To take it a step further, imagine a 2D square lying in a 2D reality. If a 3D being could manipulate that square like a playing card on a table, it could flip it into the 3rd dimension, keeping one of its edges in the 2D plane, and lay it down flat again, with the side originally facing "up" (a dimension and concept that doesn't exist to the 2D viewer) now facing the surface. From the 2d viewer's perspective, it would look like every part of that object spontaneously disappeared except the 1 dimensional edge about which it was rotating, then all at once reappeared on the other side of that face as a mirror image of the original object.
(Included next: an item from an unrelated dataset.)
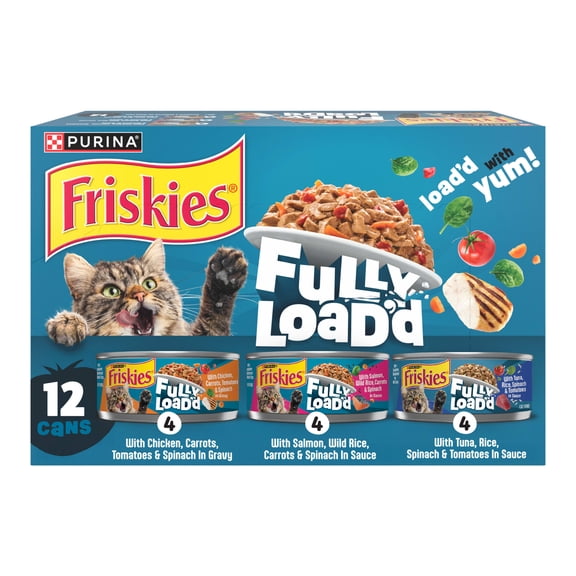 Friskies Fully Loadd Chicken, Salmon, & Tuna Flavor Chunks Wet Cat Food Variety Pack, 5.5 oz. Cans (12 Pack)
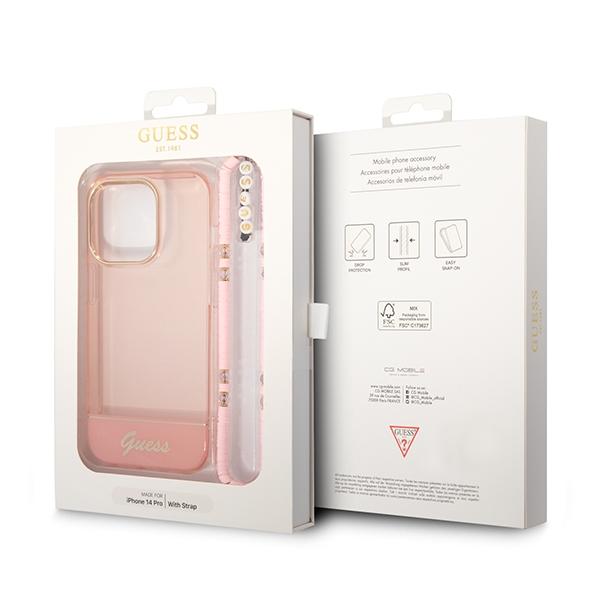 Etui do iPhone 14 Pro Max Guess Translucent Pearl Różowe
Similarly, a 4D being could rotate a 3D cube "out" (for lack of a four-dimensional rotational verb) into the 4th dimension, keeping one of its six 2D faces in our 3D slice of reality, and make it reappear on the other side of that face as its mirror image, without the face ever moving.
(An even weirder side note about this analogy is that, assuming the 2D object was originally bound to the 2d reality and not in fact a cross section of a higher-dimensional object, the one-dimensional "side" of the cube that is left in their plane of existence would necessarily be truly 1D with a thickness of 0. If 2D laws of physics are analogous to those in 3D, a truly one-dimensional object could only exist in a 2D reality through manipulation by a higher-dimensional observer, the same way a two-dimensional object fundamentally cannot exist in 3D. However, a four-dimensional observer lifting a 3D cube off the 3D hyperplane of our reality would produce a truly 2D plane—if atoms are spheres, only the tangent points of those spheres would be touching our reality. Therefore, whether that would look like any physical object at all is questionable.)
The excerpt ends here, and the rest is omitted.